With one daughter podding peas, the other doing the broad beans and the littlest eating more of the raw peas than is helpful, making this minestrone together one afternoon ensured its popularity come teatime.
This is the kind of food that makes life that little bit easier - it is equally well liked by children and the adults who feed them. Masses of vegetables, various carbohydrates along with the ever popular basil pesto.
It all transfers very nicely to a more adult-appropriate supper when the kids have hit the sack, so makes feeding the whole family a cinch. For the pesto, try to get basil that looks verdant and smells sweet and pungent.
(Serves 4)
½ large white onion, finely diced
4 spring onions, finely sliced
2 fat cloves of garlic, finely chopped
1 courgette, diced
80g orzo pasta (or similar small pasta)
3 or 4 new potatoes, peeled and diced
100g broad beans, podded
75g peas, podded
3 large ripe tomatoes, peeled and diced
2 tbsp olive oil
1 tsp salt (less if you like)
¼ lemon, juiced
500ml boiling water or chicken stock
Sweat the onion in a large, heavy-based pan over a gentle heat for five minutes, until soft and translucent. Add the garlic and spring onion and cook for a further five or so minutes.
Add the diced courgette and cook until soft - about another five minutes.

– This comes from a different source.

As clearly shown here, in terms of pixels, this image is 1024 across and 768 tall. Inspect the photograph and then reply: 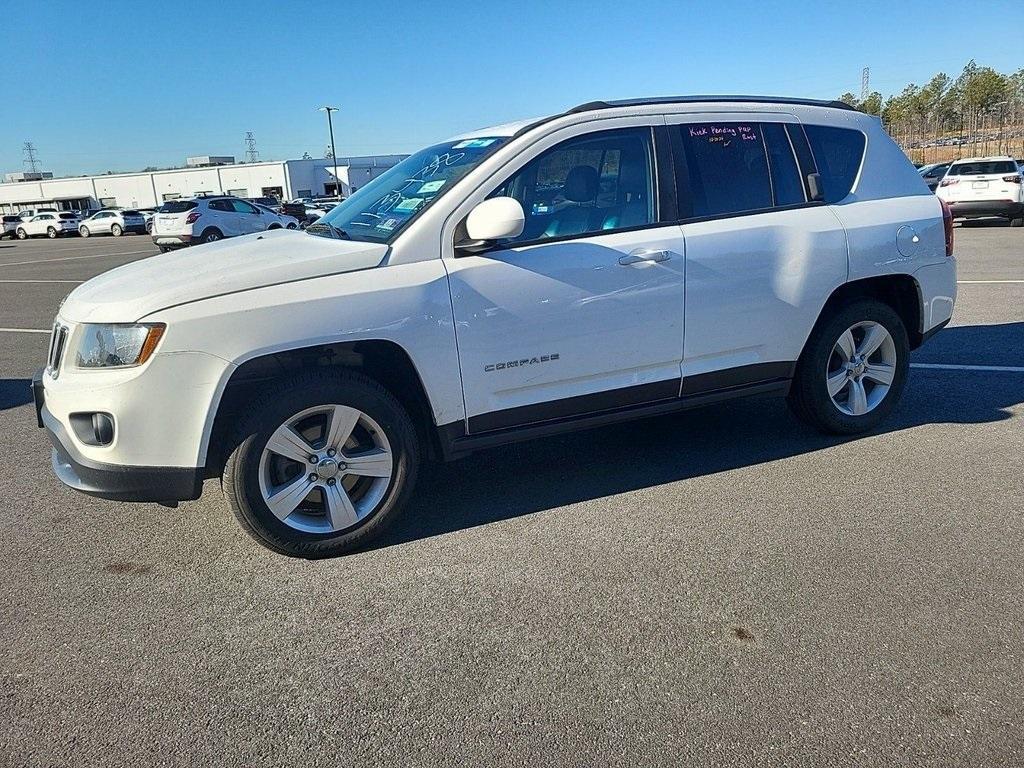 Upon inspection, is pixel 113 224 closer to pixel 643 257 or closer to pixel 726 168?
pixel 726 168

Meanwhile, boil the kettle. Make a slit in the skin of the tomatoes with a sharp knife, put them in a bowl and pour the boiling water over them. Leave immersed for 10 seconds. Run them under the tap: the skin should have blistered and be easy to slip off. Dice the skinned tomatoes.
In a second pan of boiling water, add the potatoes and bring to the boil, then add the orzo and cook the two together for seven minutes, until cooked. Add the broad beans for the last minute of cooking.
Slip the broad beans out of their skins and add to the courgette mix along with the raw peas, potatoes and orzo.
Add the diced tomatoes and the hot water or stock.
Bring the minestrone to the boil, add the lemon juice and check for seasoning.
Serve with the pesto to dollop at the table.
For the pesto
75g parmesan, grated
50g basil leaves
½ clove of garlic, minced
50g pine nuts, toasted in a dry frying pan over moderate heat until golden brown
75g olive oil
Put the cheese, basil and the garlic into the food processor and work to a paste.
Add the pine nuts and blitz, retaining some texture.
Add the oil and blitz again.
To store, cover the pesto with extra olive oil, making sure it is completely submerged. It will keep well in the fridge for up to two weeks.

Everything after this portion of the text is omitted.